Items from a dataset:
§ §

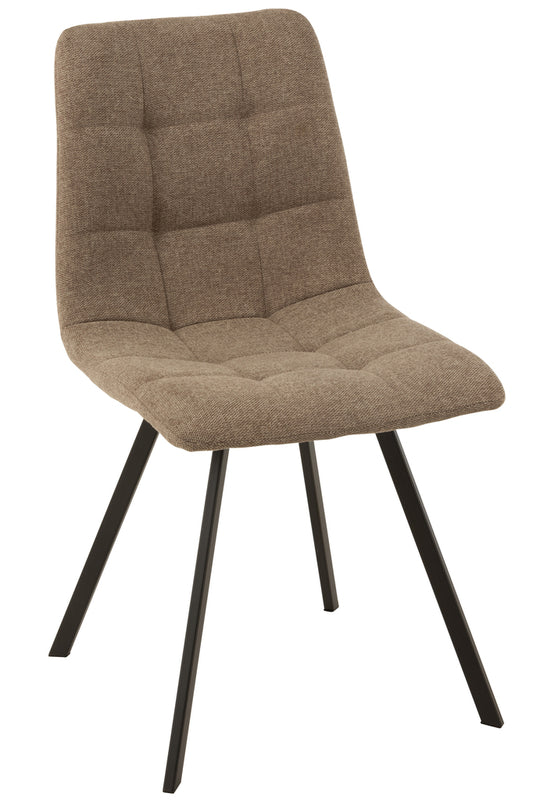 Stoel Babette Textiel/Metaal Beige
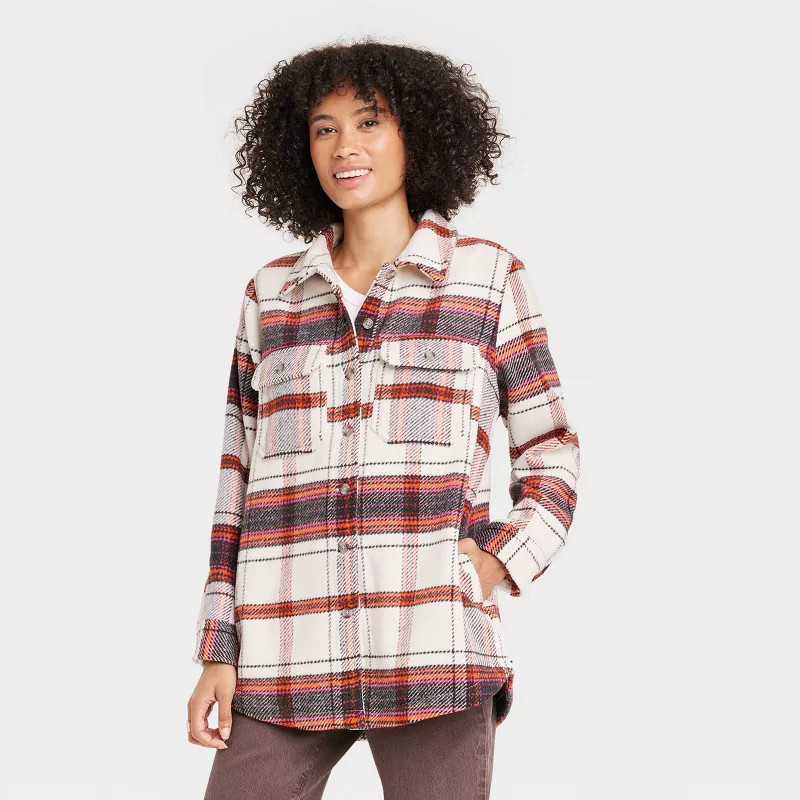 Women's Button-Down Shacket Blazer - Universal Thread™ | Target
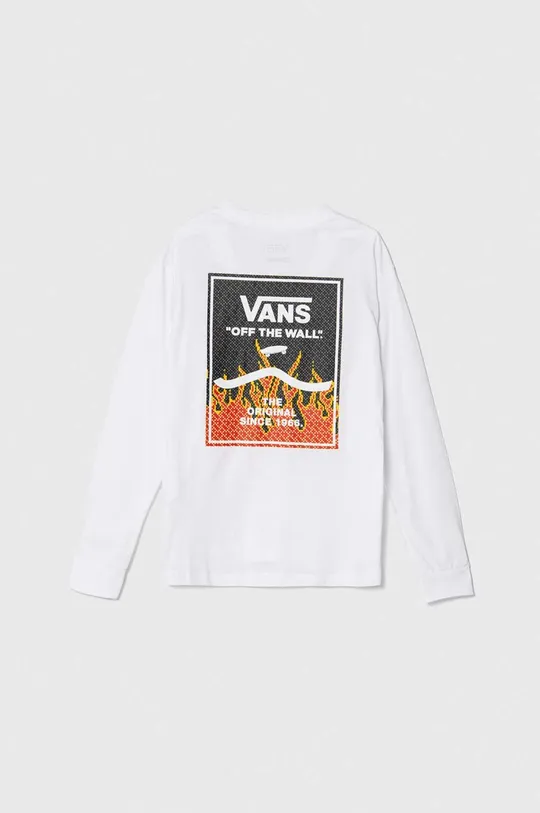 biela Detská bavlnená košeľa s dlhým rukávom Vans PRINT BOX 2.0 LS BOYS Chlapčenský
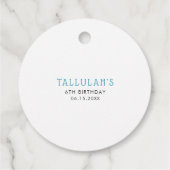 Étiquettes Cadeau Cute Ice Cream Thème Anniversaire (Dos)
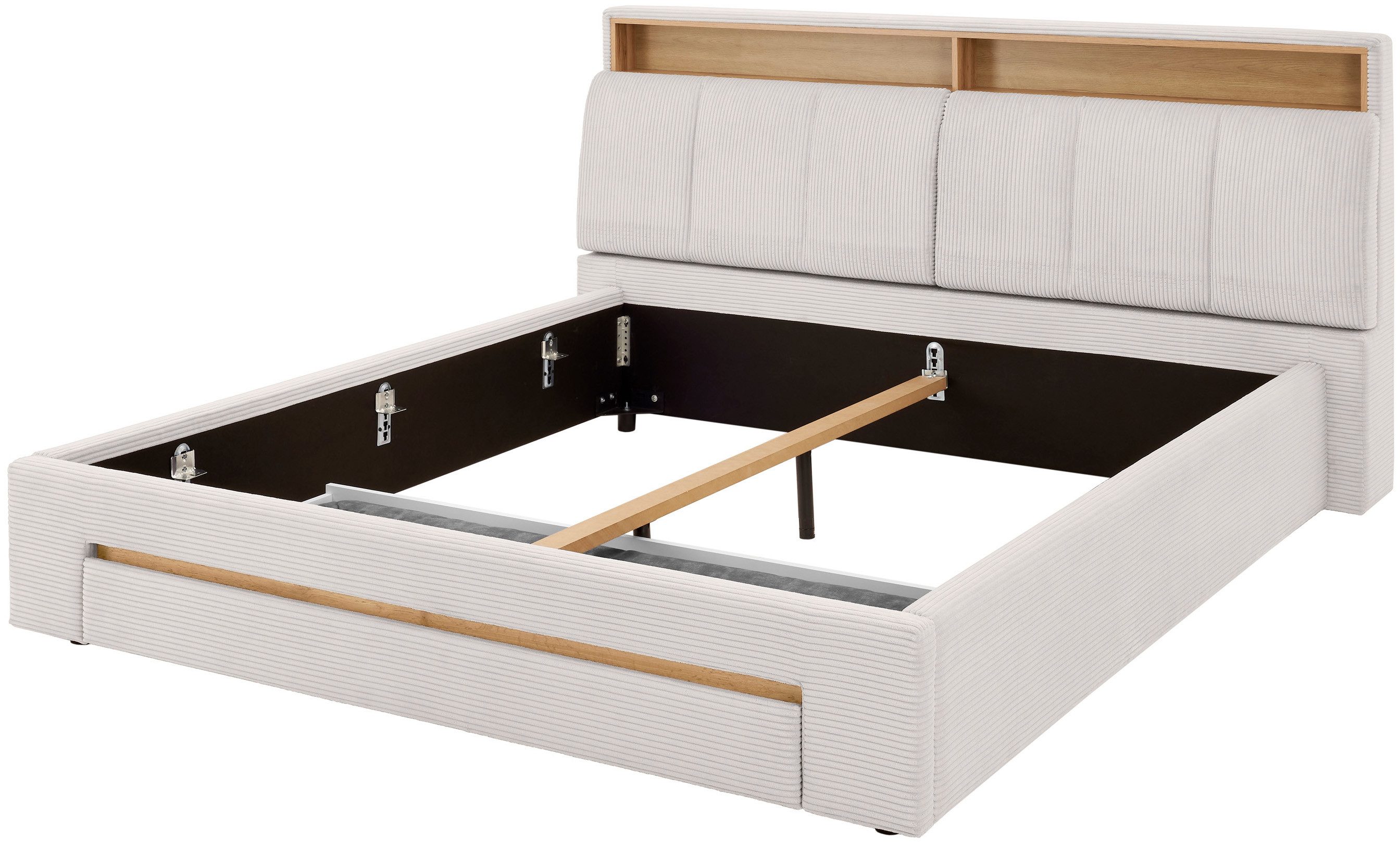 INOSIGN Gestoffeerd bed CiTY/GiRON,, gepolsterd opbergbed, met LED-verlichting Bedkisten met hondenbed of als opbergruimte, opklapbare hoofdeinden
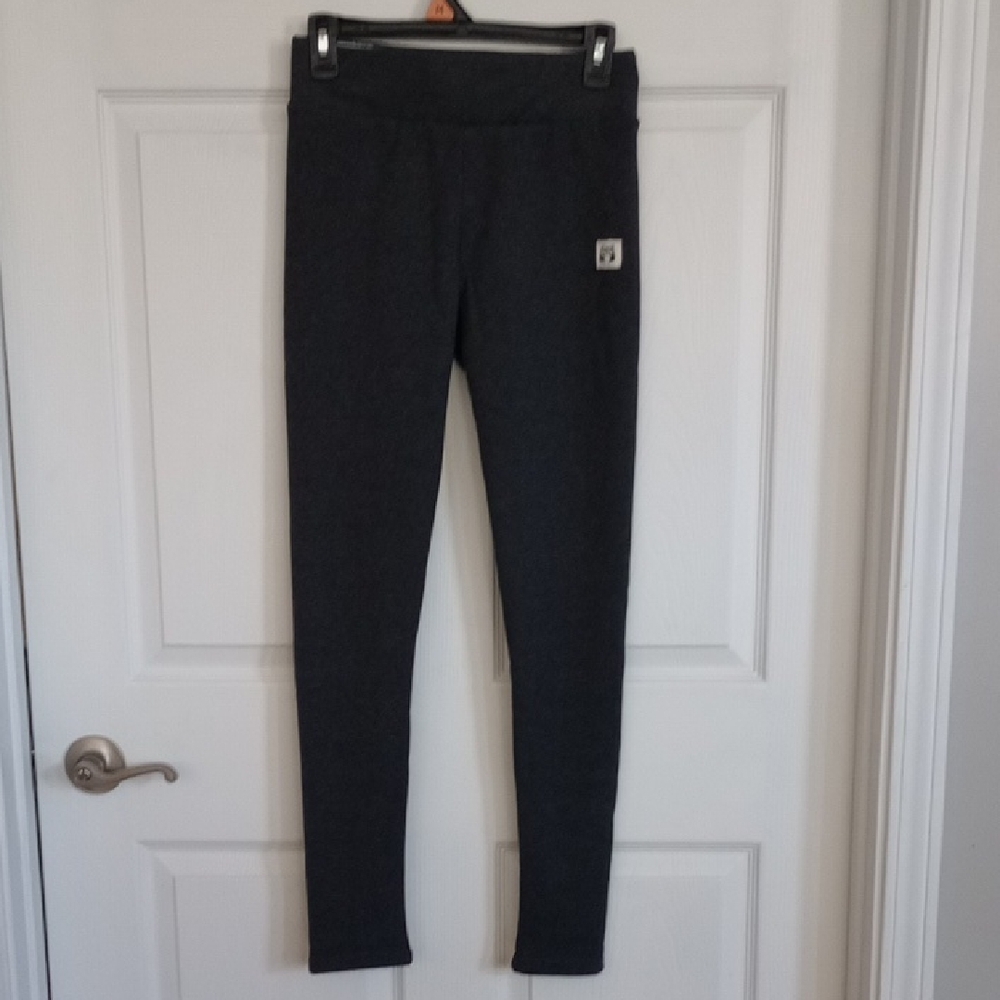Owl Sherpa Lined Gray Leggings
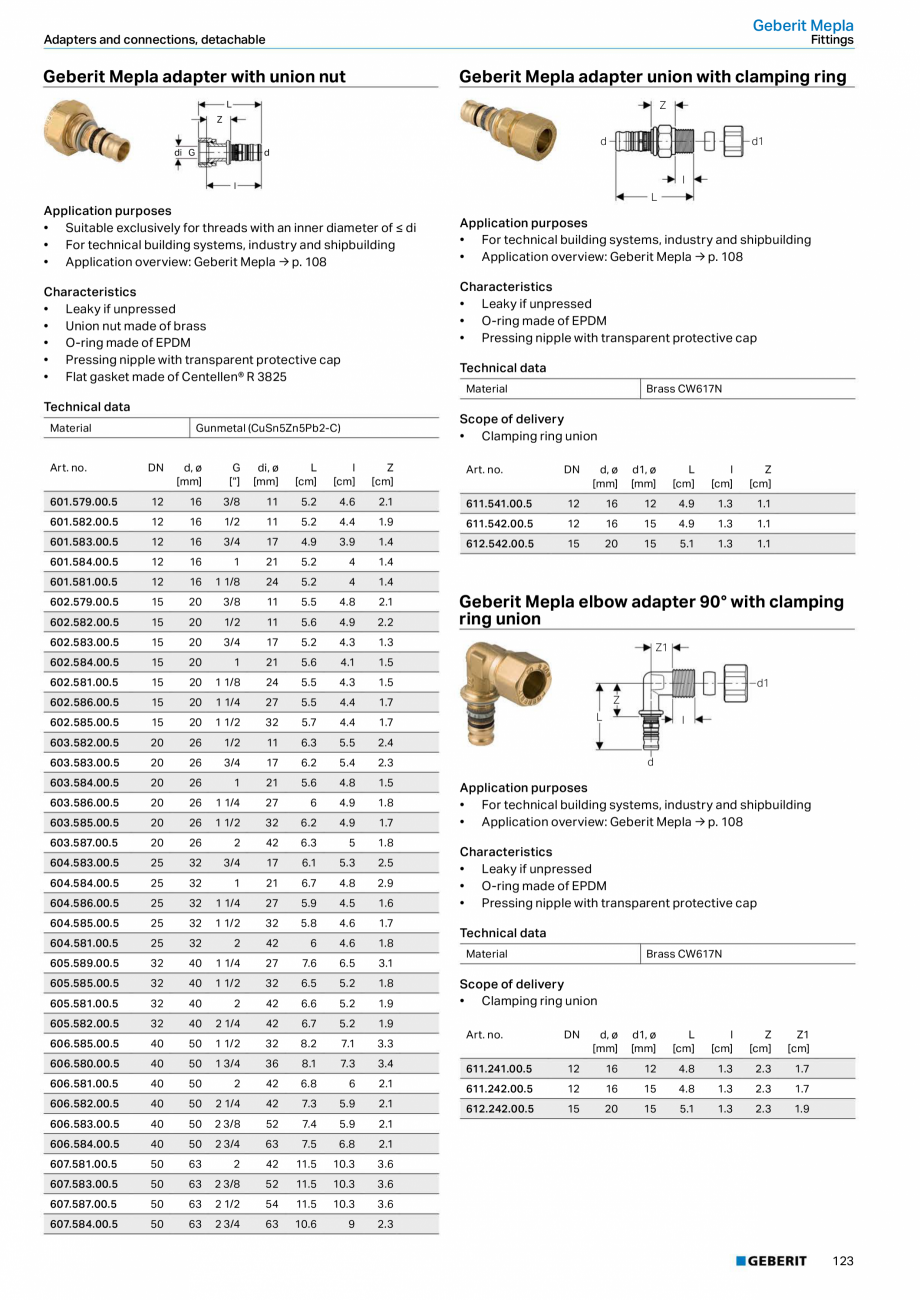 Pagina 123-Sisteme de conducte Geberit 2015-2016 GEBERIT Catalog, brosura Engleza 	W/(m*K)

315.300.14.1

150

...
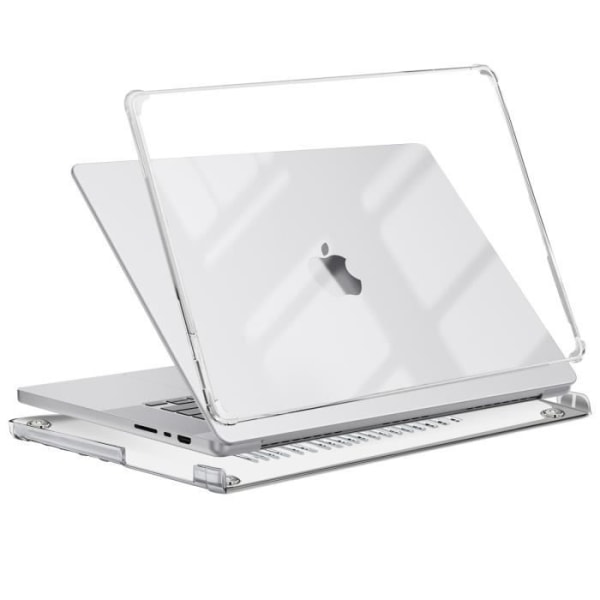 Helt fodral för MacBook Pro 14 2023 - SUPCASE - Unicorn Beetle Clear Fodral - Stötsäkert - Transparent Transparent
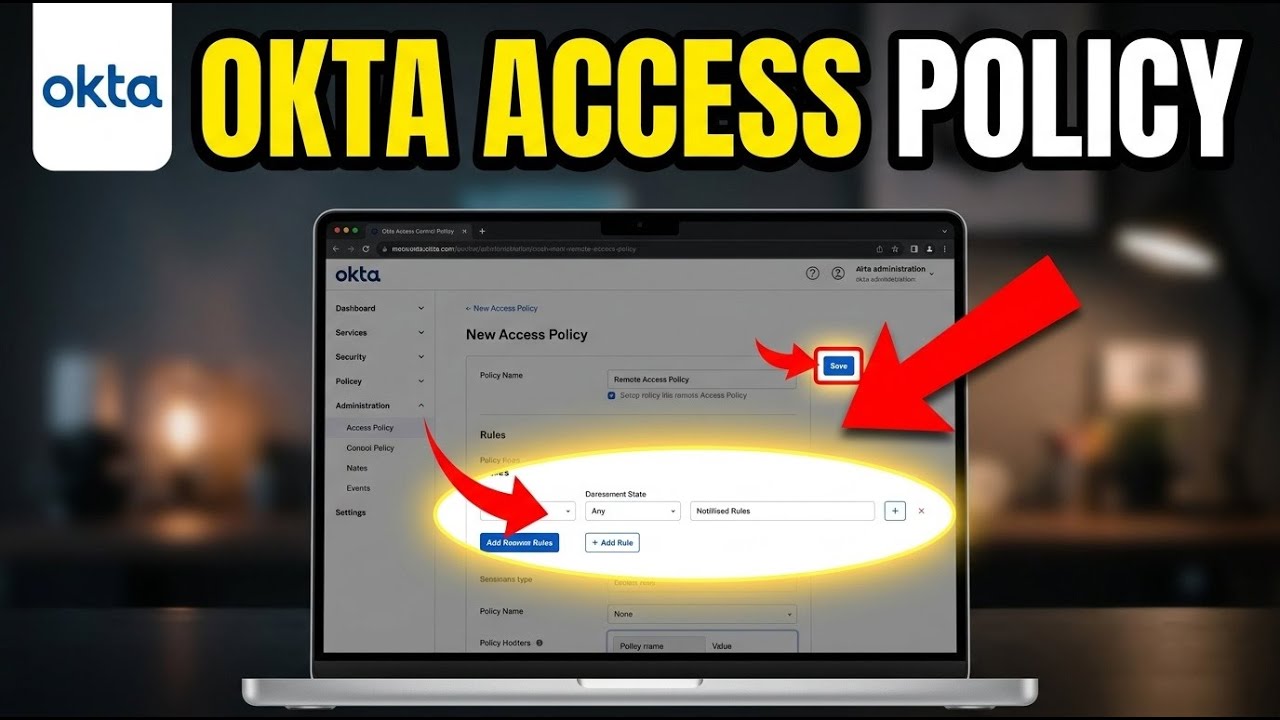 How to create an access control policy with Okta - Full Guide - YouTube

§ §

Prompt:
Print the data above from its first line through the line that has "Owl Sherpa Lined Gray Leggings", exactly and with nothing else, omitting pictures.

Finished task:
 Stoel Babette Textiel/Metaal Beige
 Women's Button-Down Shacket Blazer - Universal Thread™ | Target
 biela Detská bavlnená košeľa s dlhým rukávom Vans PRINT BOX 2.0 LS BOYS Chlapčenský
 Étiquettes Cadeau Cute Ice Cream Thème Anniversaire (Dos)
 INOSIGN Gestoffeerd bed CiTY/GiRON,, gepolsterd opbergbed, met LED-verlichting Bedkisten met hondenbed of als opbergruimte, opklapbare hoofdeinden
Owl Sherpa Lined Gray Leggings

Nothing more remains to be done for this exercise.